Ron Martoia’s Static supplements what Kinnaman writes about in unChristian. Kinnaman addressed six issues of the Christian faith, one of them being too sheltered. Martoia addresses the sheltered/exclusiveness issue through what he calls static.
Perhaps the single most failure of the Christian faith is to try and reach out to the unchurched world with church language. This is like an english speaker using english to communicate to a spanish speaker who does not understand english. You can see where this would obviously fail.
The church has used words like sanctification, salvation and sinner to communicate what unchurched people would understand as set apart, rescued and incomplete. This barrier has caused a wall that needs torn down if we as Christians are truly passionate about people.
Martoia explains this barrier as radio static. Have you ever been driving down the road when annoying static starts coming in? The farther you drive away the louder the static becomes. Eventually the static overpowers the music to the point that you cannot understand it anymore.
This is the problem that Static: Tune out the “Christian noise” and experience the real message of Jesus addresses. Christian noise — Christian Static (our church language) — has become so loud that it overpowers the music — the message. Our own church language is static to those who have been trying to listen. Our static is drowning out our message for those outside the church. They do not understand us anymore and it is not their fault, it’s ours.

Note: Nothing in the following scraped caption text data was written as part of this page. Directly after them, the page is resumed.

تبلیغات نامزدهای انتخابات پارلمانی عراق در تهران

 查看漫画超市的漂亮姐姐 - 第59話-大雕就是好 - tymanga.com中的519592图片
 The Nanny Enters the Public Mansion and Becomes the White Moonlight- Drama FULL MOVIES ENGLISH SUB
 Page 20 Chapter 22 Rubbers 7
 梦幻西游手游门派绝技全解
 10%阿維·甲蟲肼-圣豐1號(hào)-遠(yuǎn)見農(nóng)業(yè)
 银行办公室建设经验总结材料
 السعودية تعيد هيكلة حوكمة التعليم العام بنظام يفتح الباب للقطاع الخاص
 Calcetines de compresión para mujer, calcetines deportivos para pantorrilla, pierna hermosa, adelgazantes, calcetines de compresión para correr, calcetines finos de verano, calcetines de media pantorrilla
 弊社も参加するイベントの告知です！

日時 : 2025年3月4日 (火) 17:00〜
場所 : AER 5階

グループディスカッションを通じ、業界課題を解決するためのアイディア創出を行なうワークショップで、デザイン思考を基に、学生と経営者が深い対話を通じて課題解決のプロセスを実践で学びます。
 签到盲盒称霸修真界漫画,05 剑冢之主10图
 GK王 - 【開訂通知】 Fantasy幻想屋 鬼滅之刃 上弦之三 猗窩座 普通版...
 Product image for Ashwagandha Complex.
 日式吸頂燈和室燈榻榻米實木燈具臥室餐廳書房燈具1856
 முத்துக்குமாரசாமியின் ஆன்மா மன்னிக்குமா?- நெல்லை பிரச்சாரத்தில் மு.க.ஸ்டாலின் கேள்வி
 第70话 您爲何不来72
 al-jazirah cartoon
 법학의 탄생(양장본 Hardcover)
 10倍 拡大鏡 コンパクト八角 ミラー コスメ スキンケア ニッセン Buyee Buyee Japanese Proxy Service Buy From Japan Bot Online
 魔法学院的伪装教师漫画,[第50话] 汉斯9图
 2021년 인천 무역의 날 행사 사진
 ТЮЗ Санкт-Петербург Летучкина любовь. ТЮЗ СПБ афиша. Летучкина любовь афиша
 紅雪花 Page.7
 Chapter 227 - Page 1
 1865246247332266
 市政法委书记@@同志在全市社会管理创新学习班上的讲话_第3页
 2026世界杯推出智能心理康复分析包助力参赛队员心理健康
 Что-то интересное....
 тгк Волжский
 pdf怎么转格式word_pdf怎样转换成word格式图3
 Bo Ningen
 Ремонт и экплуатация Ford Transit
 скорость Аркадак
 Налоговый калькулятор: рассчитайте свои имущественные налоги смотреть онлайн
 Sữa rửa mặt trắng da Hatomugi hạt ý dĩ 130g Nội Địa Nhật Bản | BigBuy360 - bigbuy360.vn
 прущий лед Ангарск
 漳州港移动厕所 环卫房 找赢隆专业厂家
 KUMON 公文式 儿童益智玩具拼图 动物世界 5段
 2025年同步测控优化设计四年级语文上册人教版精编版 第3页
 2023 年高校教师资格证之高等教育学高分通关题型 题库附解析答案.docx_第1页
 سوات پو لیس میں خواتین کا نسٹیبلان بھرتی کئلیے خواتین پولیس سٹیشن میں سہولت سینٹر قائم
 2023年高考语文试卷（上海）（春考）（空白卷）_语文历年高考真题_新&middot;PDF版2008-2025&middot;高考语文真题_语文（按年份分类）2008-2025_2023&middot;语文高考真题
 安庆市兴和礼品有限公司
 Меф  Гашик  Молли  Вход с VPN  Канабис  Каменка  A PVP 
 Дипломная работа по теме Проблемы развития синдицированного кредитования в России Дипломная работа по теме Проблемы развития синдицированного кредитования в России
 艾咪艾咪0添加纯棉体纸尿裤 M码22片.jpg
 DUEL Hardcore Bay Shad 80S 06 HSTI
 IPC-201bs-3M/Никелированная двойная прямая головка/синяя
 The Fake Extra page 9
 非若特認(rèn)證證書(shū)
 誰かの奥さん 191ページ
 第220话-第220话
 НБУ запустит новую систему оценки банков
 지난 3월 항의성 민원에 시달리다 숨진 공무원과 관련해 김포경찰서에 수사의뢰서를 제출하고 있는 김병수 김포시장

From a leaders perspective, communication is everything. There is verbal and non-verbal communication. We must ask ourselves if what we communicate verbally and non-verbally is being heard or if it is just static. This requires discipline and a knowledge of the culture around you. People say let the Bible stand for itself and use its own language — I agree. However, just so you know, Jesus did use fishing and farming language when He was talking to fishermen and farmers. He has set the example for overcoming this static.